RSV infections occur worldwide and follow a seasonal pattern, typically peaking during the winter months in temperate climates. Nearly all children are infected with RSV by the age of two. However, the severity of illness varies widely. While many children experience mild upper respiratory symptoms, others develop significant lower airway disease requiring hospitalization.

High-risk populations include:

  • Premature infants
  • Infants with bronchopulmonary dysplasia
  • Children with congenital heart disease
  • Patients with immunodeficiency
  • Elderly individuals and adults with chronic lung disease

Note: In these groups, RSV can lead to severe complications, including respiratory failure and prolonged hospitalization.

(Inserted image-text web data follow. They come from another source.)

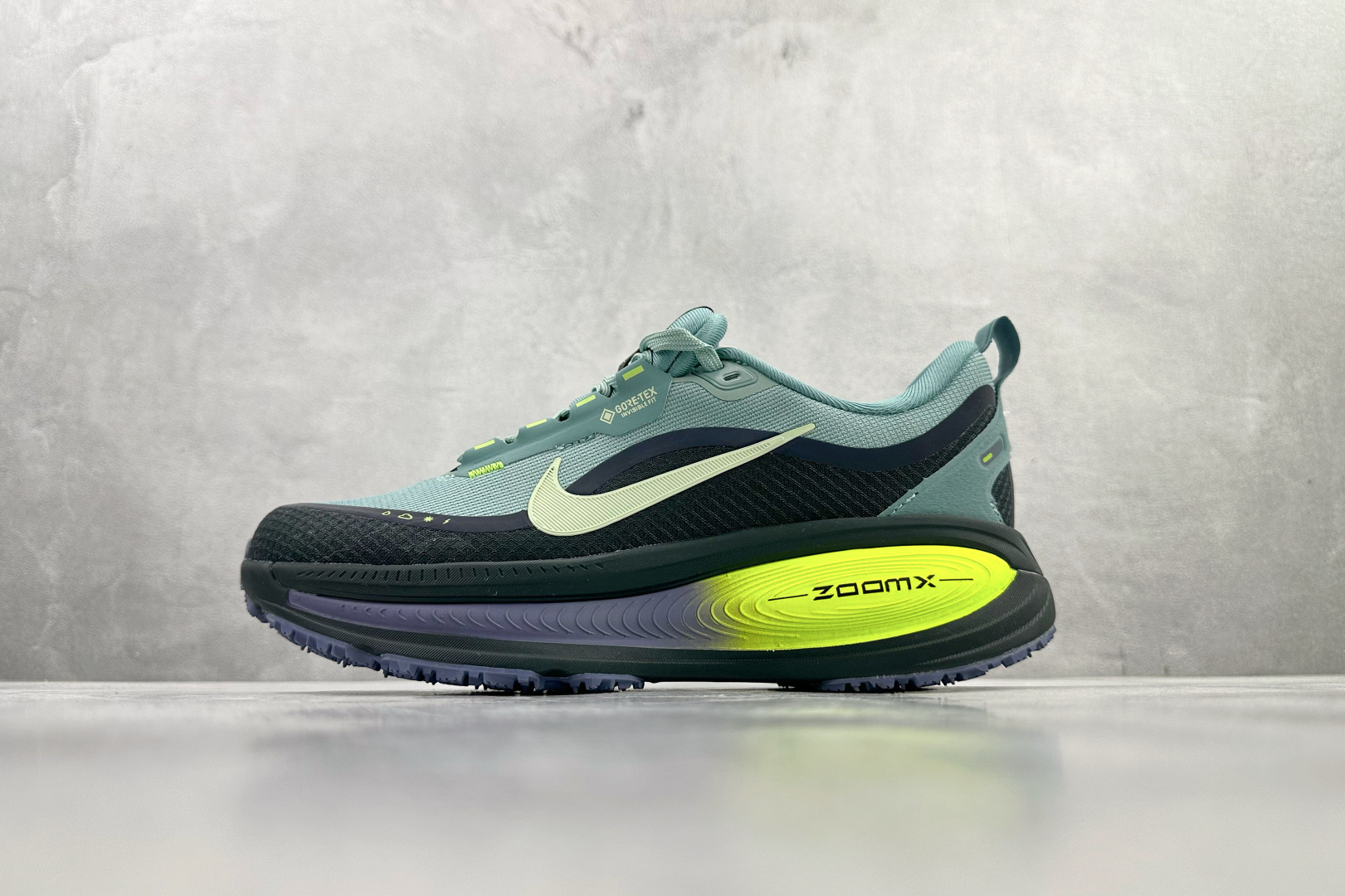 200 东南亚订单 Nike Vomero 18 GORE-TEX 海藻绿 HQ7001-300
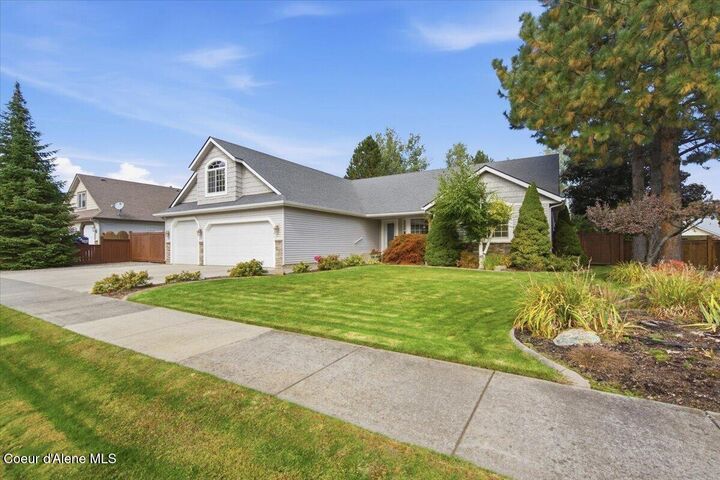 Property Photo:  1547 E Pembrook Dr  ID 83815 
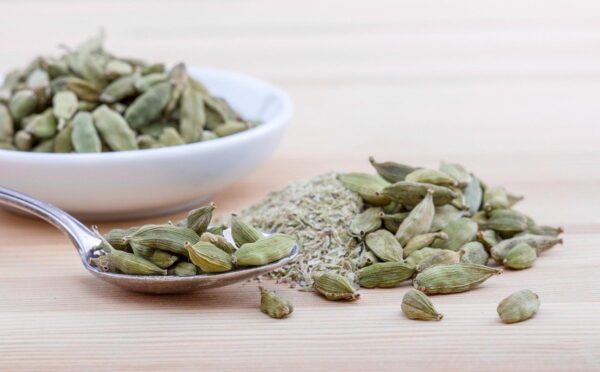 Organic Ceylon Cardamom, Whole Pods, Hand Picked, Sri Lanka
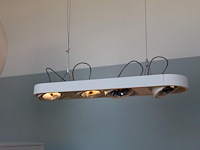 Drie hallogeen lampen. afmeting 77 x 18 cm. let op, u dient zelf te demonteren met eigen hoge trap! - afbeelding 2 van  4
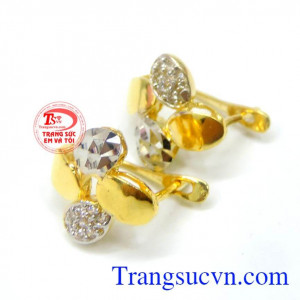Đôi hoa tai bông hoa 4 cánh đẹp mang đến vẻ đẹp thời trang quý phái cho người đeo.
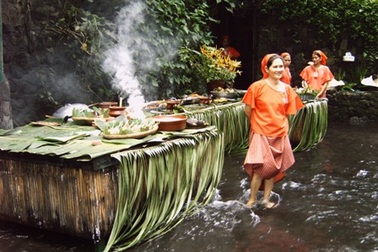 Kỳ lạ nhà hàng nằm ngay dưới chân thác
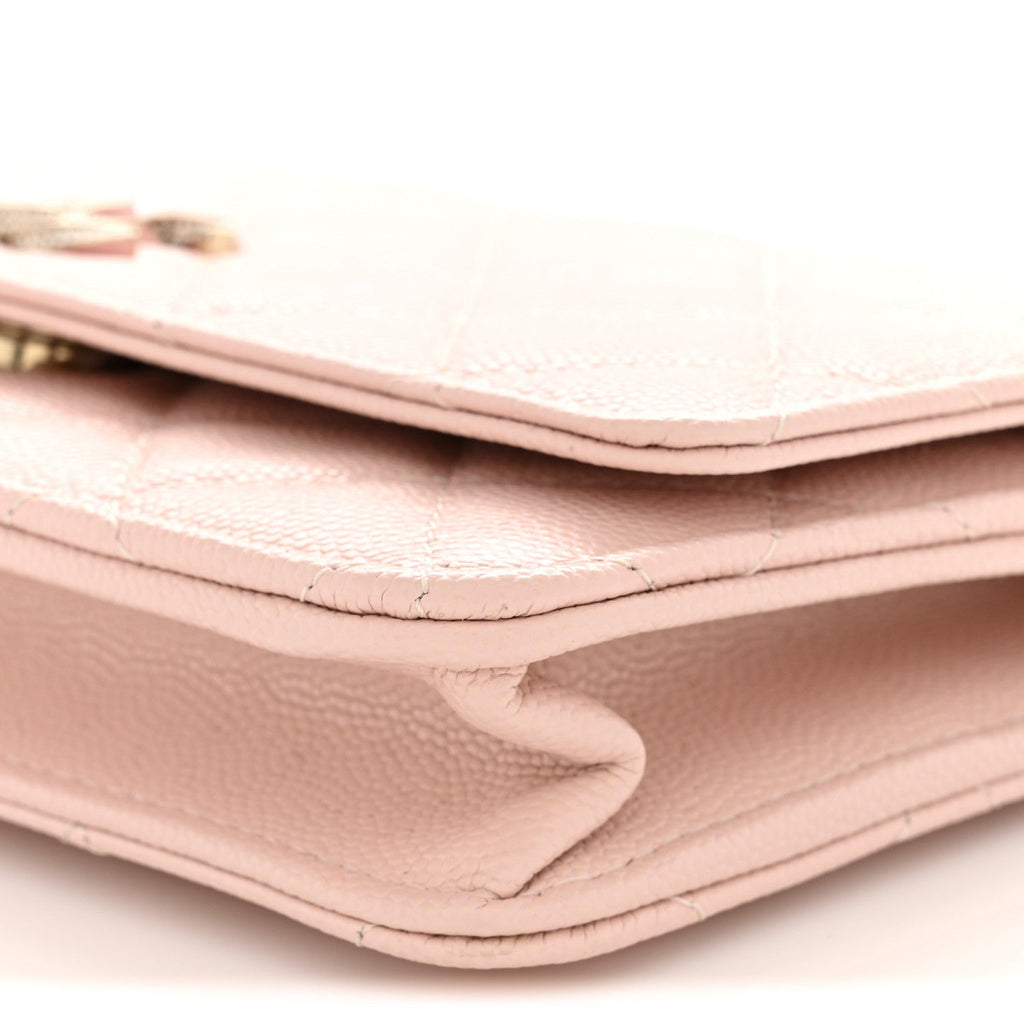 Caviar Quilted Crystal Enamel CC Wallet On Chain WOC Light Pink wholesalehk.shop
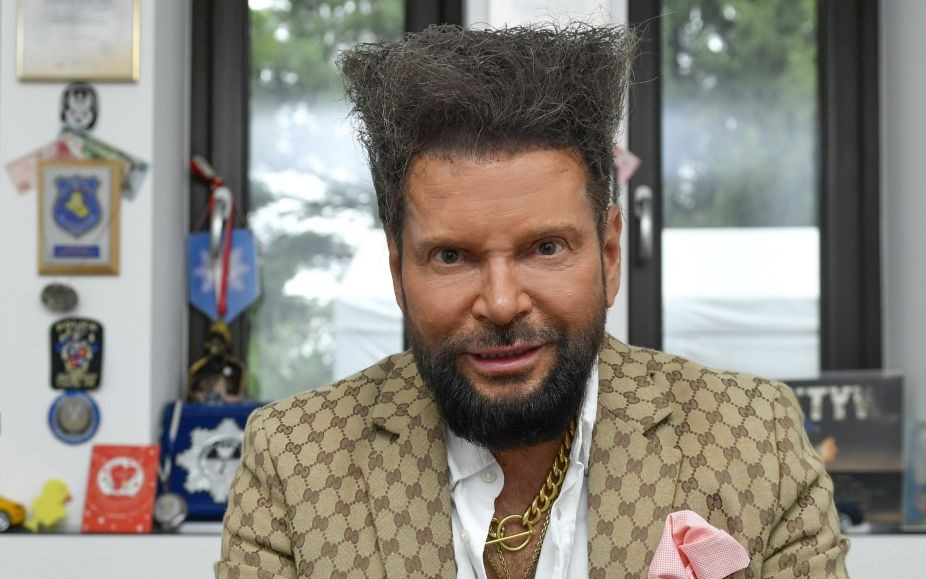 Tak zmieniał się Krzysztof Rutkowski. Bez charakterystycznej fryzury jest nie do poznania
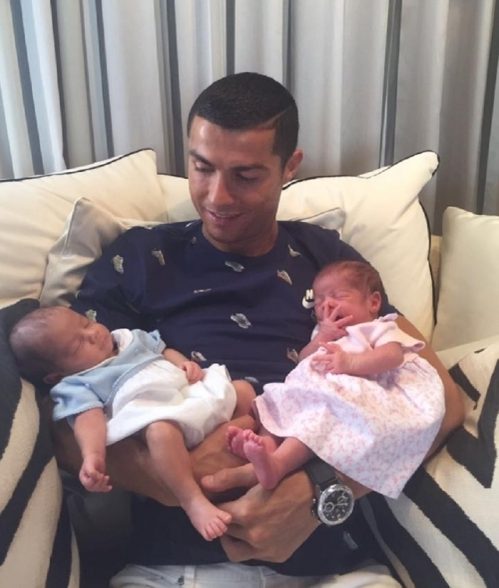 Cristiano Ronaldo vrea şapte copii:”Pentru mine, o viaţă fără copii nu înseamnă nimic…“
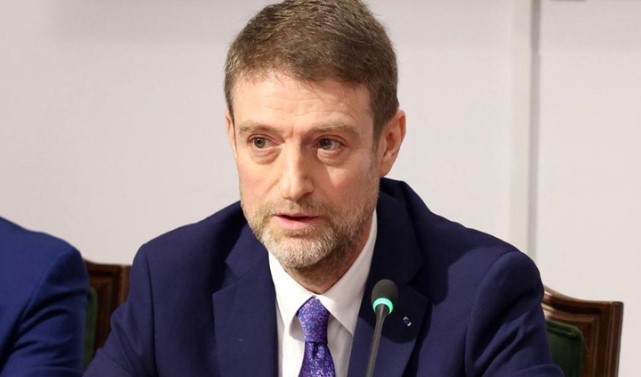 Rusia kërkoi largimin e diplomatëve nga Kievi  Hoxha  Kërcënimi i ambasadave nuk është diplomaci
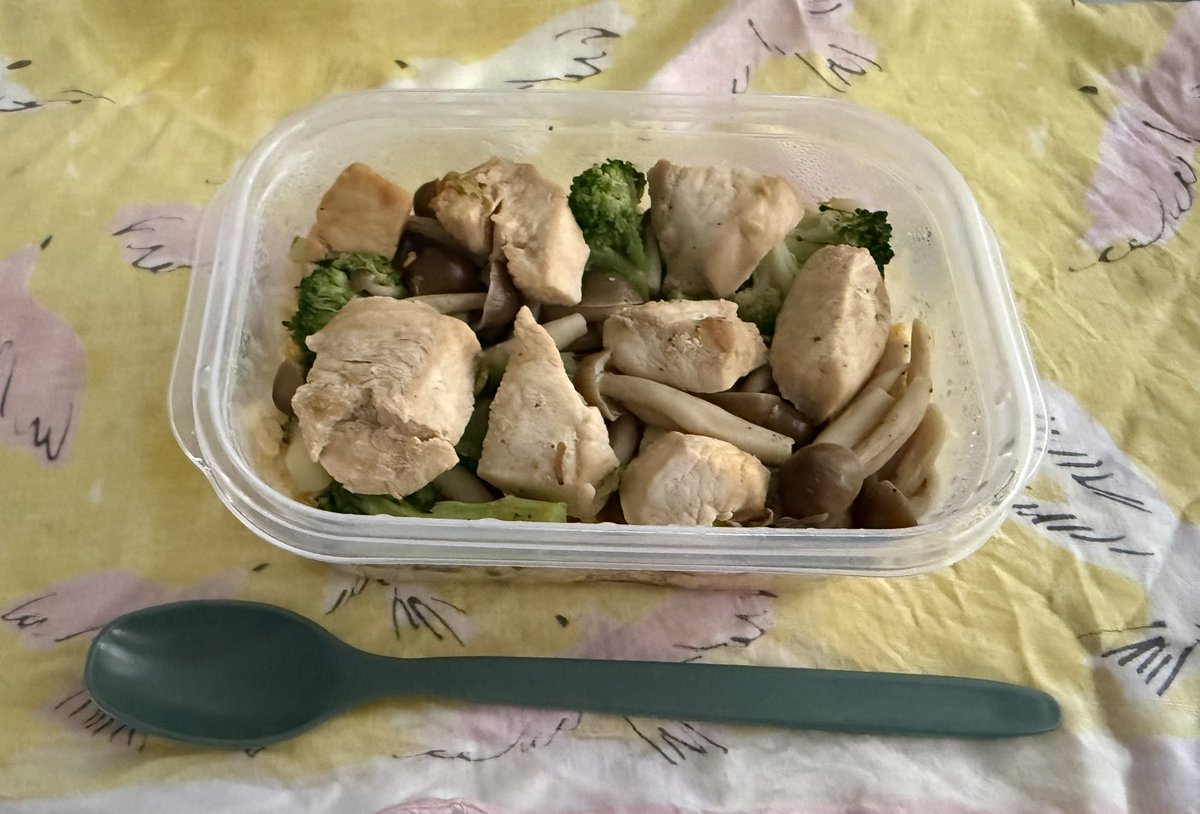 jun0830arashian's tweet photo. ダイエットしてた時から変わらないお弁当
全く見映えはよろしく無い💦 https://t.co/SviwAxTJGg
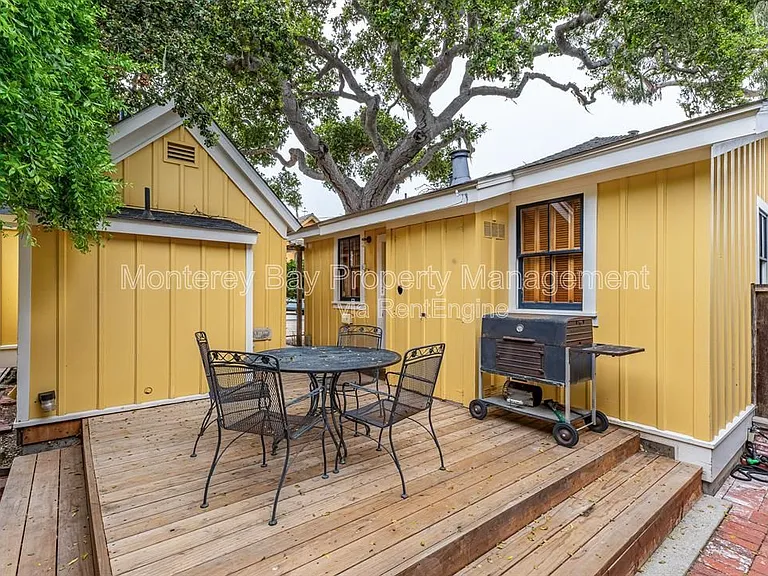 759 Lighthouse Ave — Photo 29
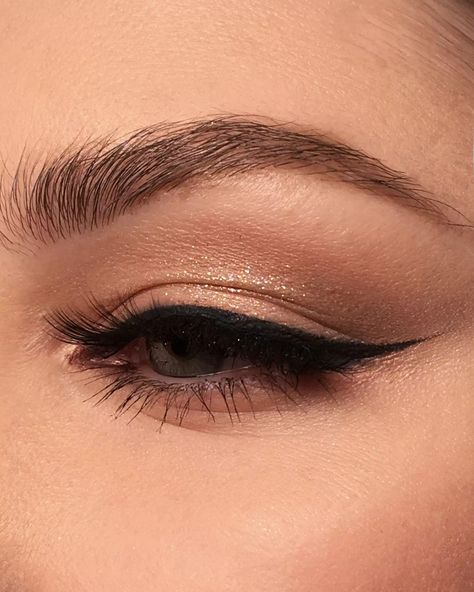 Winged Eyeliner Makeup Look, Foxy Eyeliner, Eyeliner Flick, Cat Eye Eyeliner, Winged Eyeliner Makeup, Eyeliner Ideas, Almond Shaped Eyes, Long Cat, Fox Eyes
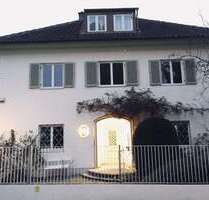 Haus zum Kaufen in Augsburg 2.100.000,00 € 300 m²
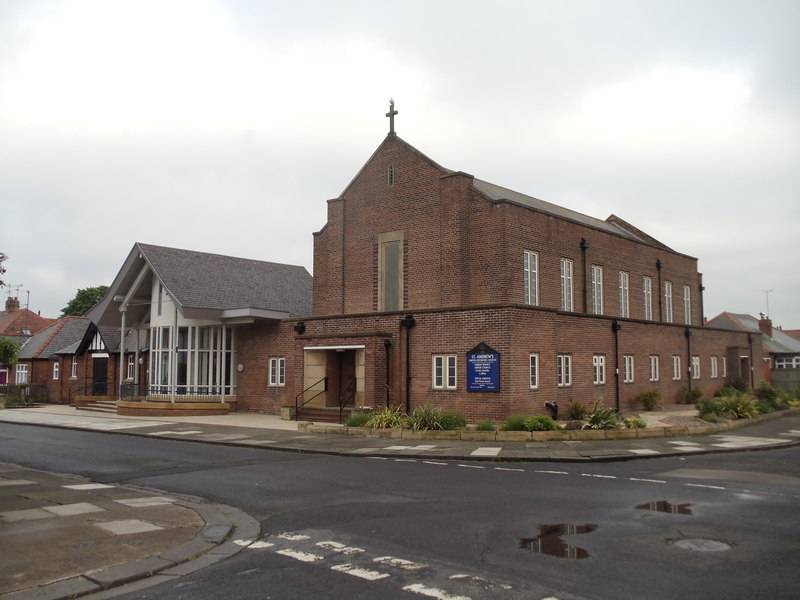 St Andrew's United Reformed Church,... © Bill Henderson cc-by-sa/2.0 ...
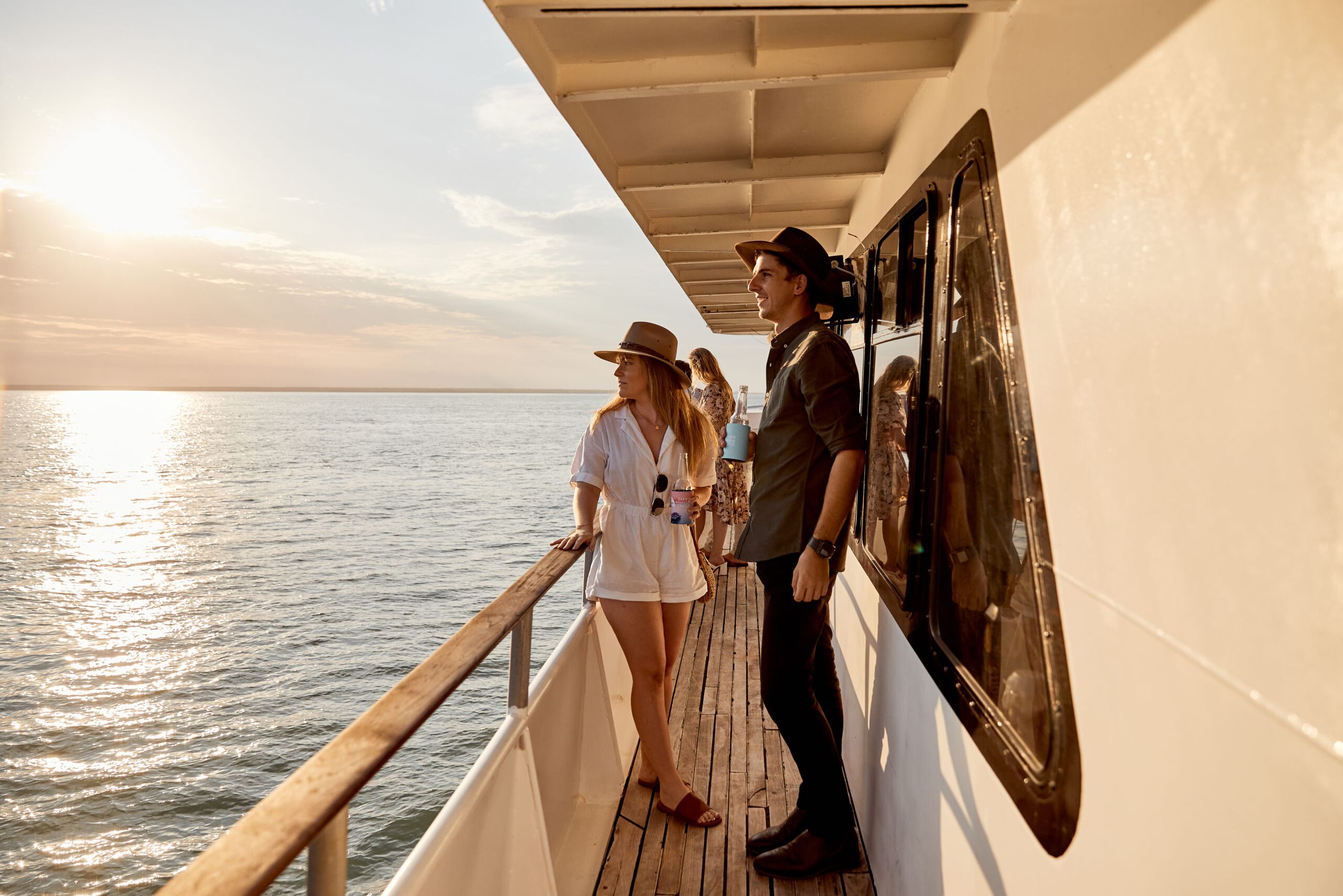 Genieten van de zonsondergang tijdens de Darwin dinercruise bij zonsondergang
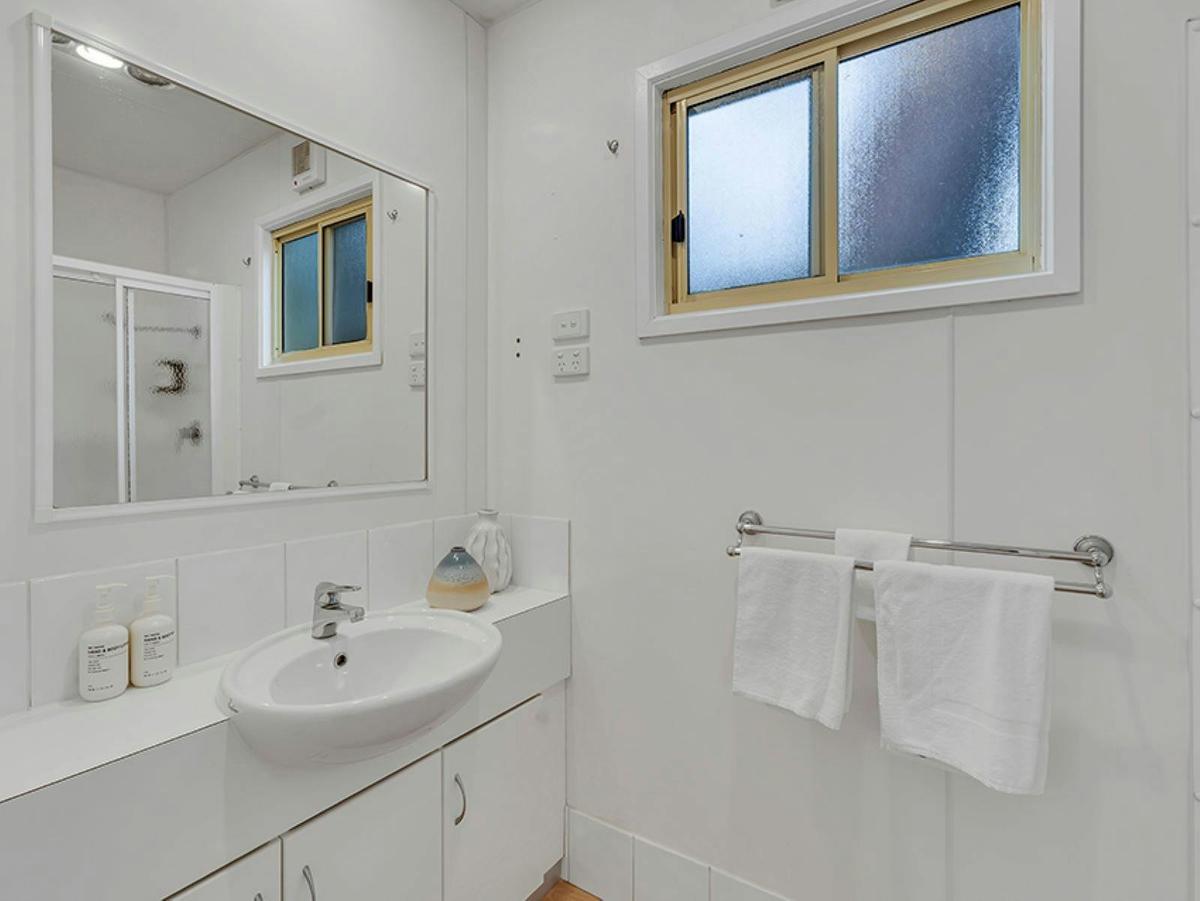 3 Bedroom Poolview Villa Bathroom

Pathophysiology of RSV Infection

RSV primarily targets the epithelial cells lining the respiratory tract. Once the virus enters the body, it attaches to and infects these cells, leading to inflammation and cellular damage. The resulting pathophysiologic changes are most pronounced in the small airways, or bronchioles.

The infection triggers several key processes:

  • Cellular necrosis and sloughing of epithelial cells
  • Edema of the airway walls
  • Increased mucus production
  • Infiltration of inflammatory cells

These changes result in narrowing and obstruction of the bronchioles. In infants, this is especially problematic because their airways are already small. Even minor swelling or mucus accumulation can significantly increase airway resistance.

As airflow becomes obstructed, air trapping occurs. Air is able to enter the lungs during inspiration but cannot exit effectively during expiration. This leads to hyperinflation of the lungs. At the same time, complete obstruction in some airways can result in atelectasis, where portions of the lung collapse.

The combination of hyperinflation and atelectasis contributes to ventilation-perfusion mismatch. Some areas of the lung receive oxygen but are poorly perfused, while others are perfused but not adequately ventilated. This imbalance leads to hypoxemia.

Note: In more severe cases, increased work of breathing and respiratory muscle fatigue can impair ventilation, resulting in carbon dioxide retention and respiratory acidosis.

Clinical Presentation

RSV infection typically begins with symptoms of an upper respiratory infection before progressing to involve the lower airways. The progression usually occurs over several days.

Early Symptoms

The initial presentation is often mild and may include:

  • Nasal congestion
  • Rhinorrhea
  • Low-grade fever
  • Mild cough

Note: These symptoms may resemble a common cold, making early diagnosis challenging.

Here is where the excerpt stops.